>>>>>

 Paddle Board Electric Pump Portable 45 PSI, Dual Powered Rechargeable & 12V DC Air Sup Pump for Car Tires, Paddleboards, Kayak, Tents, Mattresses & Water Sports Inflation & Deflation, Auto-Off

<<<<<
>>>>>

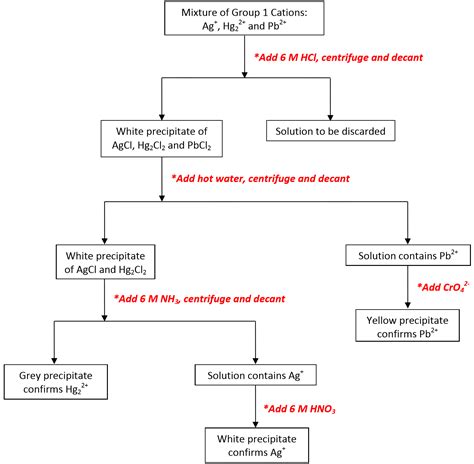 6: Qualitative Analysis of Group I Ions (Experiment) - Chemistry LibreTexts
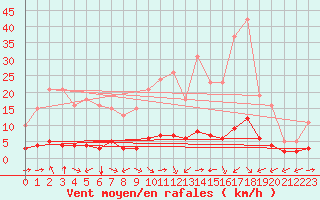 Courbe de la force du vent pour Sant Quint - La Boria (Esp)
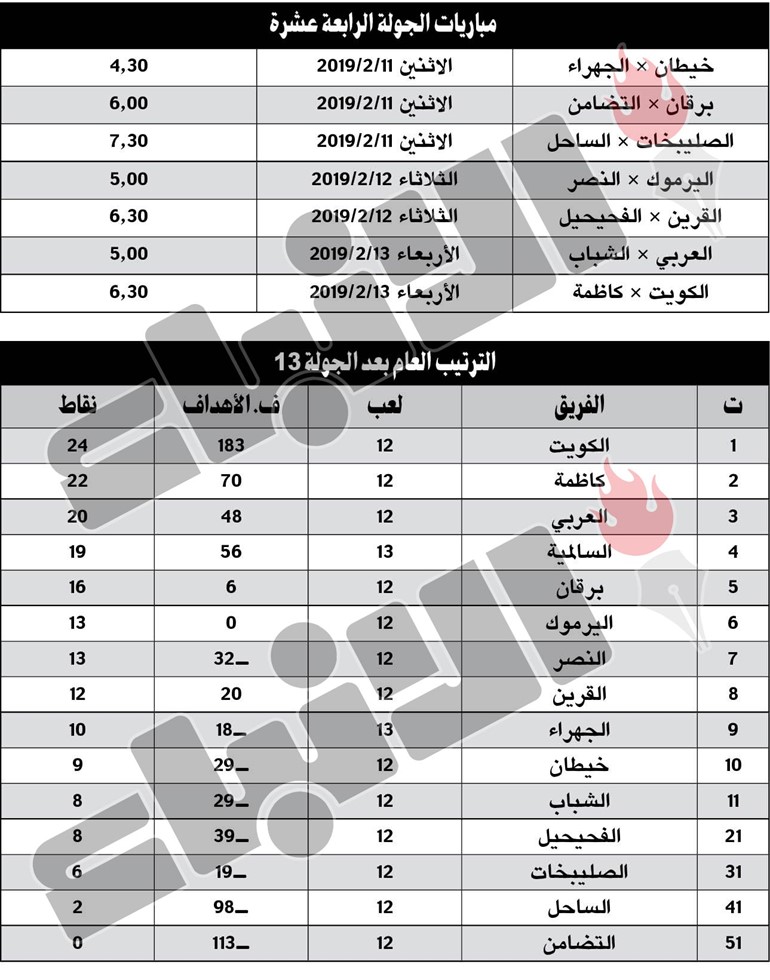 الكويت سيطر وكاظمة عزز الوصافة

<<<<<
>>>>>

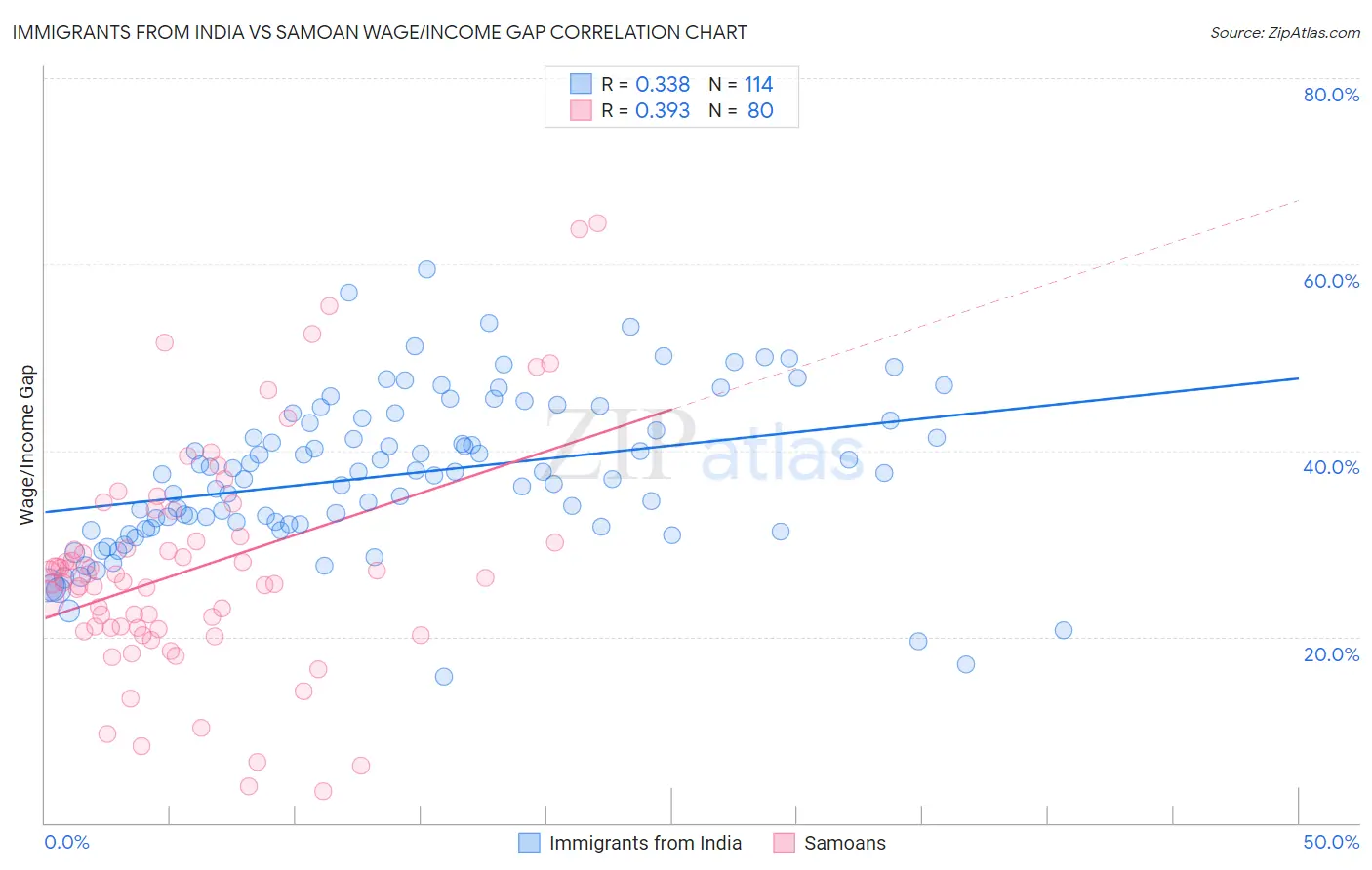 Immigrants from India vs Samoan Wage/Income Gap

<<<<<

▸ TASK DIRECTIONS: Pictures in the material above should be skipped; print exactly the lines from the one with "Courbe de la" through the one with "الكويت سيطر وكاظمة عزز الوصافة".

▸ TASK SOLUTION:
 Courbe de la force du vent pour Sant Quint - La Boria (Esp)
 الكويت سيطر وكاظمة عزز الوصافة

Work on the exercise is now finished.